WORK TO BE COMPLETED: A word-for-word transcript of the closing lines is required: from the one with "Umarım bu durumu" through the final line of the data.
***** DATA UNDER STUDY
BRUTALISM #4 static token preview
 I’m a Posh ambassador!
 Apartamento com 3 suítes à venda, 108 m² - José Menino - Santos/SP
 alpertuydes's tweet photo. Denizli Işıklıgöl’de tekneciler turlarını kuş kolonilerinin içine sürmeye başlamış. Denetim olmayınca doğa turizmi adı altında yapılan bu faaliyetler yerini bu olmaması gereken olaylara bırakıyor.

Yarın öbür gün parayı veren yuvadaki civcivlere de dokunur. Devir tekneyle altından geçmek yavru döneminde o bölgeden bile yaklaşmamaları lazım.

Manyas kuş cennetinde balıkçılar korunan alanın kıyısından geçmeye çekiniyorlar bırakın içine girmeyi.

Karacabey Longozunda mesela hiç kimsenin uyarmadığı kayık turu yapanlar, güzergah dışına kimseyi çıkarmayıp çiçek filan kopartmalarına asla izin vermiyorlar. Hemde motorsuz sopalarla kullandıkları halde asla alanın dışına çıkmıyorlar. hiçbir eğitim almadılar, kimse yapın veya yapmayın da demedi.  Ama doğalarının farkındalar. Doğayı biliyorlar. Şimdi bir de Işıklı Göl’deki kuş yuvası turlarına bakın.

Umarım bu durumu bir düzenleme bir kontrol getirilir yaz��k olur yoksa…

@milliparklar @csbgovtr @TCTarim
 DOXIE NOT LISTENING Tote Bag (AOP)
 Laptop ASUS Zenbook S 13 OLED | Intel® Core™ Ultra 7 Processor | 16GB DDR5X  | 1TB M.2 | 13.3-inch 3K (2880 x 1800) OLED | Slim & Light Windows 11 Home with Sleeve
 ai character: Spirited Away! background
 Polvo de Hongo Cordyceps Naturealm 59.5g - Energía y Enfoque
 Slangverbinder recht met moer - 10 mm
**********
RESULT:
Umarım bu durumu bir düzenleme bir kontrol getirilir yaz��k olur yoksa…

@milliparklar @csbgovtr @TCTarim
 DOXIE NOT LISTENING Tote Bag (AOP)
 Laptop ASUS Zenbook S 13 OLED | Intel® Core™ Ultra 7 Processor | 16GB DDR5X  | 1TB M.2 | 13.3-inch 3K (2880 x 1800) OLED | Slim & Light Windows 11 Home with Sleeve
 ai character: Spirited Away! background
 Polvo de Hongo Cordyceps Naturealm 59.5g - Energía y Enfoque
 Slangverbinder recht met moer - 10 mm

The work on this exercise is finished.